──────── Records for the task

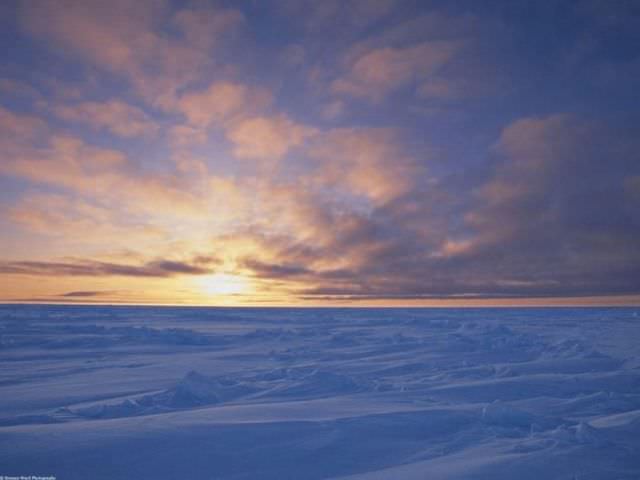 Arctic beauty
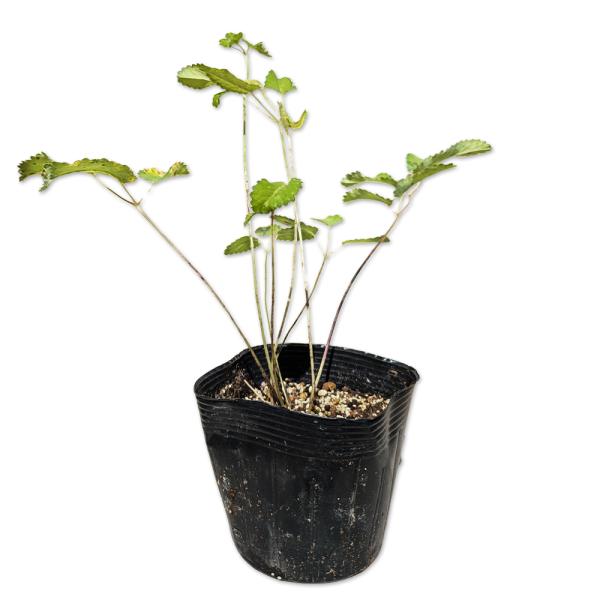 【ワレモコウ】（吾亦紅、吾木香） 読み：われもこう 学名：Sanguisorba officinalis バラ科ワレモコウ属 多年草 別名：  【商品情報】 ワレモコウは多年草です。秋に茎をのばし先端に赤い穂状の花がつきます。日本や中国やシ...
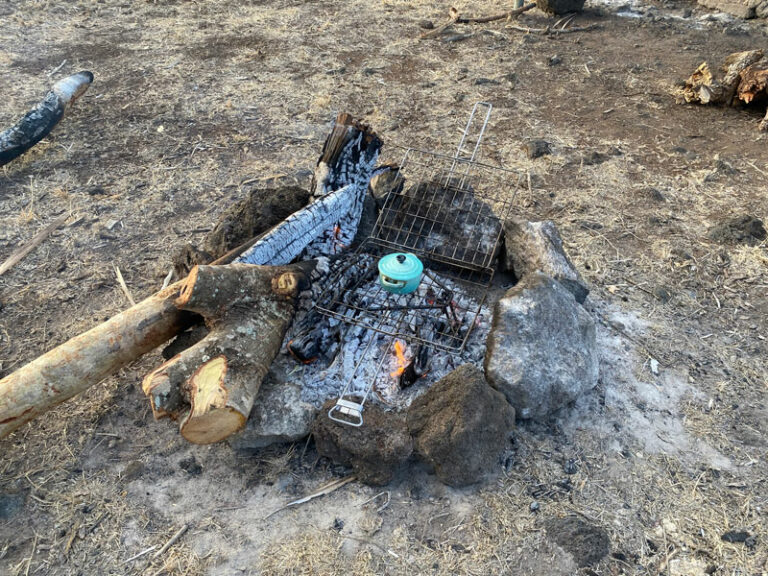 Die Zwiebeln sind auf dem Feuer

────────────────
──────── Records for the task

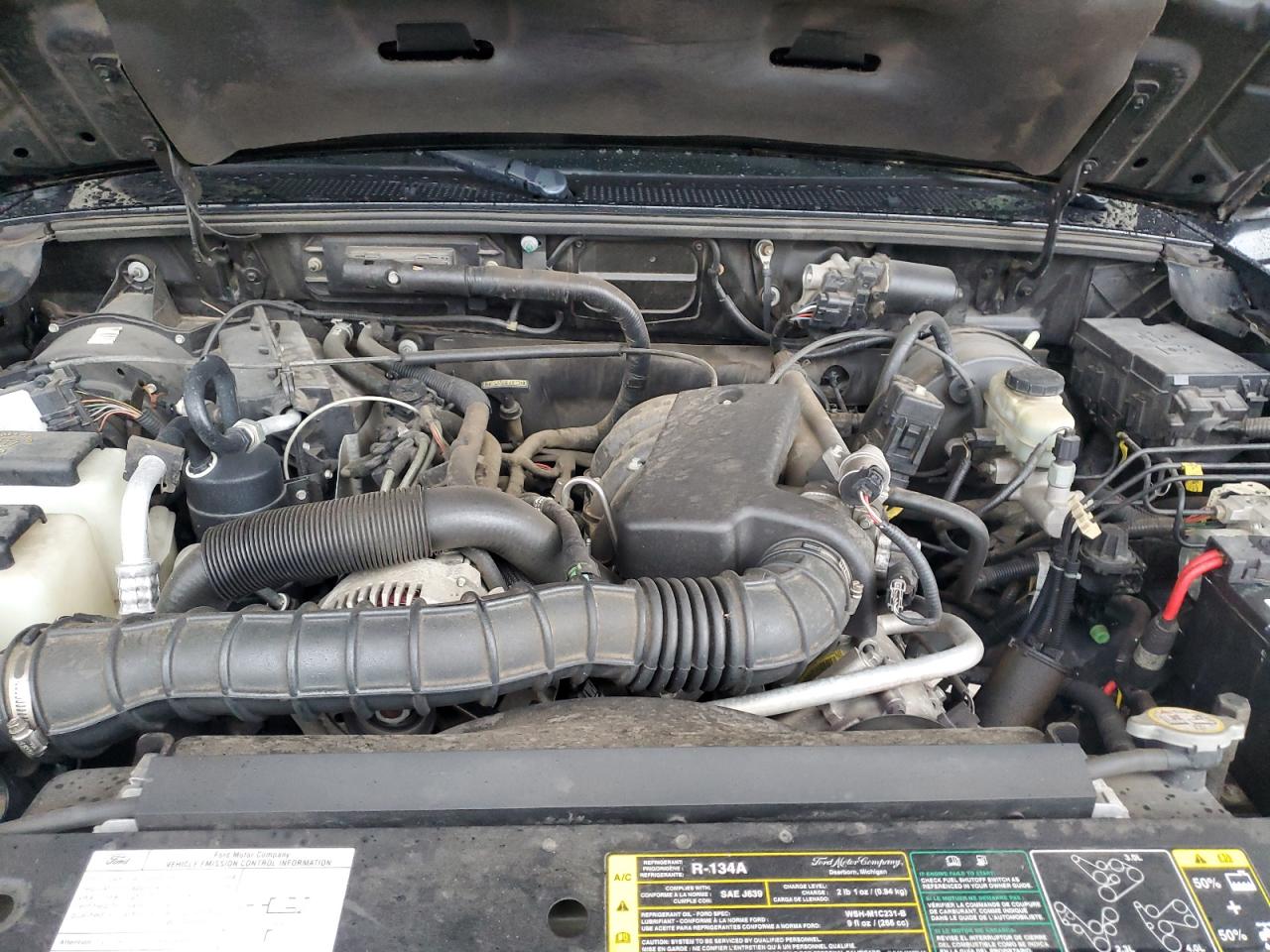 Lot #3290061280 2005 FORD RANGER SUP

────────────────

## Work to complete:
Set down again, word for word, every line from the one with "Arctic beauty" to the one with "Die Zwiebeln sind auf dem Feuer" in the entries above, and omit the pictures.

## Reply:
 Arctic beauty
 【ワレモコウ】（吾亦紅、吾木香） 読み：われもこう 学名：Sanguisorba officinalis バラ科ワレモコウ属 多年草 別名：  【商品情報】 ワレモコウは多年草です。秋に茎をのばし先端に赤い穂状の花がつきます。日本や中国やシ...
 Die Zwiebeln sind auf dem Feuer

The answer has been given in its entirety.